Globalement, je dirai que les arts plastiques se portent plutôt bien au Cameroun. Les succès que rencontrent ces derniers temps les créateurs camerounais à travers le monde ainsi que l’éclosion des galeries d’art au Cameroun, témoignent d’une vitalité exceptionnelle. Bien plus qu’un effet de mode conjoncturel et éphémère, il faut y voir une évolution structurelle qui a connu un tournant décisif au milieu des années 90 et n’a eu cesse de prendre de l’ampleur.
L’actuelle « réussite » camerounaise dans le domaine des arts plastiques tient autant d’un environnement international favorable, que d’un dynamisme soutenu à l’intérieur du pays.
La consécration par la critique et par le marché de nombreux créateurs africains à travers le monde, tels Chéri Samba, Ousmane Sow, l’autorité des grandes biennales continentales telle que « Dak’Art » et la circulation de plus en plus aisée des œuvres dans le sens Sud-Nord et bien plus timidement dans le sens Sud-Sud, ouvrent des horizons qui sortent de l’audience exclusive des collectionneurs marginaux et contribuent de façon déterminante à la promotion, des œuvres et de leurs auteurs.

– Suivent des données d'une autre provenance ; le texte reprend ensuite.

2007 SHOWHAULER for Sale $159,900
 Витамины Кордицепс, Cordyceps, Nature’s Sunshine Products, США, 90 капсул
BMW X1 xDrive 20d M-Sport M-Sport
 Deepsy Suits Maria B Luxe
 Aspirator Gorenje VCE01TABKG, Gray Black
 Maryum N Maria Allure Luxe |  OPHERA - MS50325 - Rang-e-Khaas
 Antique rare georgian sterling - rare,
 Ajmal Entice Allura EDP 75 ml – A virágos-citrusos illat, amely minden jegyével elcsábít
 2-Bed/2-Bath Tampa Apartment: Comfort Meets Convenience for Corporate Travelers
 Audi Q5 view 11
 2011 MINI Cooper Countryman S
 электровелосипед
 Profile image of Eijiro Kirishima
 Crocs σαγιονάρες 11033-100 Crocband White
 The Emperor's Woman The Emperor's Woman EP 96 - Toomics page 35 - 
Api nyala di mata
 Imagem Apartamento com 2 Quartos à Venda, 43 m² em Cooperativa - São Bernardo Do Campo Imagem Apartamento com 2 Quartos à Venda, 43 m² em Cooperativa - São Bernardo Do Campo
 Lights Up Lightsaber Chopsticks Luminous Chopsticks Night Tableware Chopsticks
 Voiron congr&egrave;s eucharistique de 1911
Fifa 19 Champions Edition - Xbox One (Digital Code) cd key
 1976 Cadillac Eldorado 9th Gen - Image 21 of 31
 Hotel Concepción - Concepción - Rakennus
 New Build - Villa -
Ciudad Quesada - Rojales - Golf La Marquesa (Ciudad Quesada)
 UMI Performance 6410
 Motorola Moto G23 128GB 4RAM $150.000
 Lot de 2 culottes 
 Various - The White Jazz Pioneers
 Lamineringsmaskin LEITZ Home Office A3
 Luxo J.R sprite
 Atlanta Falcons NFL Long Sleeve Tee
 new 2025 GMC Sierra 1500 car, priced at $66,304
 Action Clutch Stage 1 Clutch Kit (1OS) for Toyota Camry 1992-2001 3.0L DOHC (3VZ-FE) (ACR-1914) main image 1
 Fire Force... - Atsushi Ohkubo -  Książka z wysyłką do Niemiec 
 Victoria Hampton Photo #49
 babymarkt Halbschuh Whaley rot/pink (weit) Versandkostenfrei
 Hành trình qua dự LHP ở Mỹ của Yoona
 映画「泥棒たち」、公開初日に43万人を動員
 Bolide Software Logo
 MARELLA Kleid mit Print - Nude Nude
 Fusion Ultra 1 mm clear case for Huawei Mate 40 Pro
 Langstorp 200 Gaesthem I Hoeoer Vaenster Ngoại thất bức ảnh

Il faut par ailleurs noter l’apport substantiel des centres culturels et des services culturels des ambassades, surtout dans le domaine de la formation des artistes et de la diffusion de leurs œuvres. C’est ainsi que dans l’aire francophone d’Afrique et même au-delà, l’action de l’association Afrique-en-Créations relayée par les Centres Culturels Français et par la publication « Revue Noire », a joué un rôle important dans la promotion des artistes plasticiens africains et de leur travail. Les mêmes efforts sont à louer du côté des Instituts Goethe, British Councils et American cultural Centers.
Cet environnement international porteur a rencontré un important écho au Cameroun. Le talent et l’expérience des artistes en nombre et en qualité, conjugué avec l’apparition de centres de diffusion performants tels qu’Africréa à Yaoundé, Doual’art et la galerie MAM à Douala, le début de structuration de l’enseignement, la libéralisation de la presse et les retombées de la politique de développement culturel engagée par le Ministère de la Culture, comptent parmi les clés du rayonnement des arts plastiques au Cameroun.
Quelles sont les grandes étapes qui ont préparé et précédé cet état ? (Thèmes, techniques et influences, etc.)
La lecture de l’évolution des arts plastiques en Afrique dans l’espace et dans le temps, nécessite me semble-t-il, une grille de lecture spécifique, adaptée à la réalité africaine. Tout en se référant aux différentes étapes marquantes de l’histoire « universelle » de l’art, il convient nécessairement de prendre en compte le fait qu’il n’a fallu qu’un petit siècle à l’Afrique pour recoller les wagons de la  » grande histoire « .
Nous proposons ainsi un découpage de l’histoire des arts plastiques au Cameroun à travers six principales périodes.
La période pionnière (1880-1930), est caractérisée par la copie des œuvres des européens et des créations empreintes d’une certaine naïveté.
Le néo-impressionnisme (1940-1960) laisse éclater des couleurs vives et multiplie la représentation des scènes de vie traduisant un certain bonheur à vivre sous les tropiques. Il témoigne d’un début d’appropriation de l’art du chevalet et la marque d’une stylisation de plus en plus originale.
Le néo-symbolisme (1960-1980), qui se développe à l’aube de l’indépendance présente beaucoup d’œuvres manifestant une volonté farouche d’affranchissement politique et l’affirmation d’une identité propre puisant dans les valeurs ancestrales.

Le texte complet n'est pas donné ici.